Several compelling examples are available in the area of syntax. Thus, while many naturalistic L2 German learners may not reach the particle separation stage (stage 3) even after several years of living in the L2 environment (Meisel et al., 1981), in the foreign language classroom most students will have reached that stage (and some may even have traversed the entire developmental sequence!) by the end of the second semester, judging from the findings reported by Rod Ellis (1989) with 39 students of German in the United Kingdom and by Jansen (2008) with 21 students of German in Australia. For relativization, too, Pavesi (1986) found that only about 25 per cent of 38 naturalistic learners with six years on average of living in the L2 environment were capable of producing object of preposition relative clauses in English, whereas the same stage had been reached by about 40 per cent of 48 high- school students in Italy with an average of only four years of foreign language instruction. Likewise, Byrnes and Sinicrope (2008) found evidence of the object of preposition stage at just the end of the second year of study for about one-quarter of 23 college students of German in the United States that they investigated longitudinally. In addition, as mentioned in the previous section, the acquisition of relative clauses can be greatly accelerated when (more marked) object of preposition relative clause exemplars are presented or otherwise focused on in instructional materials, because the (less marked) direct object relative clause construction is learned for free, as it were (e.g. Doughty, 1991).

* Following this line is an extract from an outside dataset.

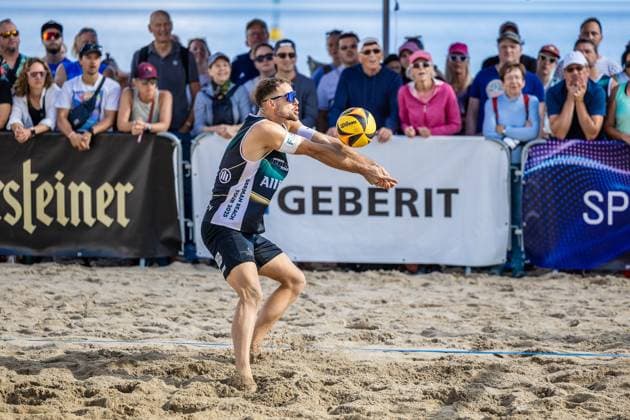 Beachvolleyball I Deutsche Meisterschaften 2025 I Timmendorfer Strand I Tag 3 I 06.09.2025 Jonas Sagstetter (Eintracht Spontent) baggert Timmendorfer Strand Schleswig-Holstein Deutschland Copyright: xLobeca JasperxLorenzx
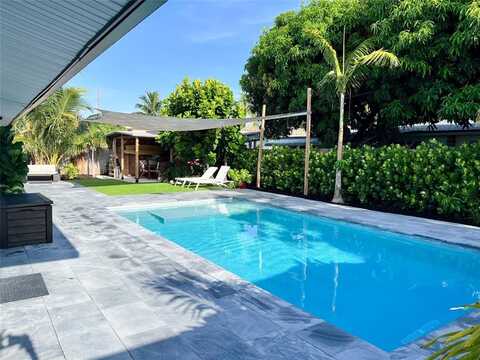 2561 NE 19th St, Pompano Beach, FL 33062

Evidence of clear rate and accuracy advantages of instruction is also available for L2 morphology. After daily use of English but without specific instruction, many naturalistic learners do not produce –ed or produce it with extremely low levels of accuracy. This has been documented for late starters (e.g. Alberto, as discussed in

section 6.13; but also Wes, as briefly noted in Chapter 4, section 4.1). It is also true of learners who had the advantage of a relatively early start when they were first surrounded by the L2, as was the case for the two 10- and 12-year- old Vietnamese boys studied by Sato (1990) for ten months or the ten young Chinese children and adolescents studied by Jia and Fuse (2007) for five years. By comparison, Bardovi- Harlig (1995) found that 135 instructed English learners enrolled in a college English programme exhibited levels of accuracy in the use of –ed that averaged about 70 per cent for the lowest curricular level and 90 per cent for the highest. In addition, numerous quasi-experimental instructional studies have shown that providing any form of corrective feedback on the use of –ed to learners who already are using the simple past tense but at low levels of accuracy can foster more target- like performance (e.g. Doughty and Varela, 1998; Ellis et al., 2006).